The report should also suggest ways in which the algorithm could be improved if it is adopted and reasons for not using it if the recommendation is to not use the trading algorithm. [5/45 points]

Conclude your report with a recommendation for your client about how to proceed with the trading algorithm. [5/45 points] In evaluating the input data:

• State the stocks that the trading algorithm is allowed to invest in.
• Identify any flaws in or problems with the data sourced from Yahoo Finance and the Reserve Bank of Australia.
• Describe the properties of the data (using graphs where appropriate) and their implications for the trading algorithm. In your analysis of the data:
  1. Rank the individual stocks by their average monthly excess returns over the risk free rate.
  2. Rank the individual stocks by their monthly excess return standard deviations.
  3. Rank the individual stocks by their Sharpe ratios.
  4. Examine the correlations between the excess returns on the stocks.
  5. Assess the appropriateness of assuming that excess returns are normally distributed.
  6. Address the stability over time of the distribution of excess returns.
• Identify any extreme outliers and assess whether they have been suitably handled in the data preparation process.
• Assess the adequacy of the way in which monthly returns have been computed.
• Assess the adequacy of the way in which missing values have been handled.

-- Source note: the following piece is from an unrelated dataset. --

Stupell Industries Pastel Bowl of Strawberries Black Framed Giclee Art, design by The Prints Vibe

In evaluating the trading algorithm:

• Describe the features of the trading algorithm and their impact on the portfolio weights.
• Indicate any features of the trading algorithm or its development process that are likely to compromise the informativeness of its performance assessment.

In evaluating the performance assessment for the trading algorithm:

• State how likely it is that the predicted profitability of the trading algorithm will be informative about performance into the future and explain your view.
• Include in you report, a 1-month-ahead 99th percentile Value-at-Risk measure computed for the portfolio that would be held at the end of the available data if the trading algorithm were to be adopted for an initial investment of $10,000,000. Explain and justify your decisions when deciding how to compute the VaR.

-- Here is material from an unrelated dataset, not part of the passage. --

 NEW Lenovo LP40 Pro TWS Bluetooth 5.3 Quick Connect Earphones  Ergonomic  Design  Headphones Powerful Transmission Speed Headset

If you suggest improvements to the algorithm, describe and motivate the recommended changes in your report.

1            Raw data used by the trading algorithm

The stocks that are included in the portfolio managed by the trading algorithm are based upon your student ID.

For all students, all 9 stocks from Table 1 are included in the set of assets that can be included in the portfolio by the trading algorithm.

Table 1: companies in common Yahoo Finance Code Company CBA.AX Commonwealth Bank CSL.AX CSL Limited

BHP.AX      BHP Group Limited

WBC.AX          Westpac Banking Corp

NAB.AX National Aust. Bank ANZ.AX ANZ Banking Group Limited

WOW.AX  Woolworths Group Limited

TLS.AX               Telstra Corporation

WES.AX    Wesfarmers Limited

Also include between one and three additional stocks from table 2. The last three digits of your SID number determine which stocks from table 2 are investment options for the trading algorithm that you are to review.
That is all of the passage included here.